Firm name: MEP Associates, LLC
Project type, building type: Geothermal conversion and new district energy stations, school (college, university)
Project duration: 5 years
Project completion date: 2014
Project budget for mechanical, electrical, plumbing, fire protection engineering only: $6.5 million
Accurately identifying the campus thermal profile and evaluating the current building systems in order to determine correct sizing of the well fields and the new distribution system; phasing and transformation of an existing campus system to a new geothermal system while maintaining operations and use of the campus; and creating a highly efficient system in order to reduce the overall energy costs while remaining committed to providing a sustainable, healthy campus and community.

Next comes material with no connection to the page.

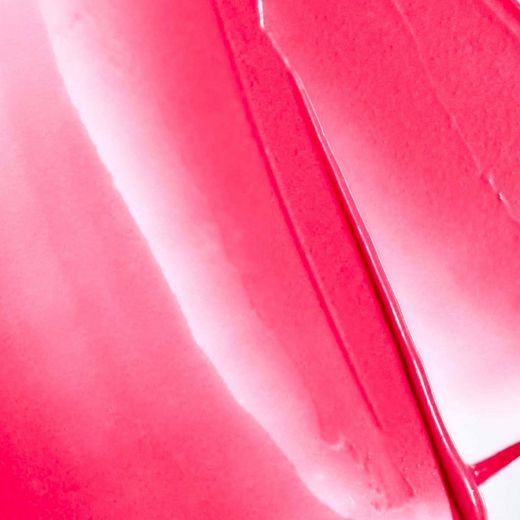 CLARINS Love Lip Oil Balm 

The team at MEP started working with Ball State University in the spring of 2009 to design the largest ground-source, closed-loop district geothermal heating and cooling system in the nation. The systems feature 3,600 vertical bore holes, at 400-500 ft each; 10 miles of buried distribution piping; 1,000 miles of loop field pipe; two district energy stations; four 2,500-ton heat pump chillers; and over 40 building conversions totaling approximately 5,600,000 sq ft. The project will be installed in two major phases. The first phase began with the conversion to geothermal on half the campus and construction of the new 12,000-sq-ft District Energy Station North to house two compound centrifugal compressor heat pump chillers. This included the installation of distribution piping to buildings on the north half of campus, two well fields, and the conversion of 19 campus buildings to geothermal heating and cooling. Approximately 10 miles of hot and chilled water supply and return distribution piping was buried or installed in existing utility tunnels. Once completed, the new system will save the university $2 million in annual energy cost. By not burning 36,000 tons of coal each year, the university will eliminate 85,000 tons of carbon dioxide emissions, 240 tons of nitrogen oxide, 200 tons of particulate matter, 80 tons of carbon monoxide, 1,400 tons of sulfur dioxide and 3,400 tons of coal ash annually. Eliminating four coal burning boilers, this project will help Ball State University eliminate approximately one-half of its current campus carbon footprint.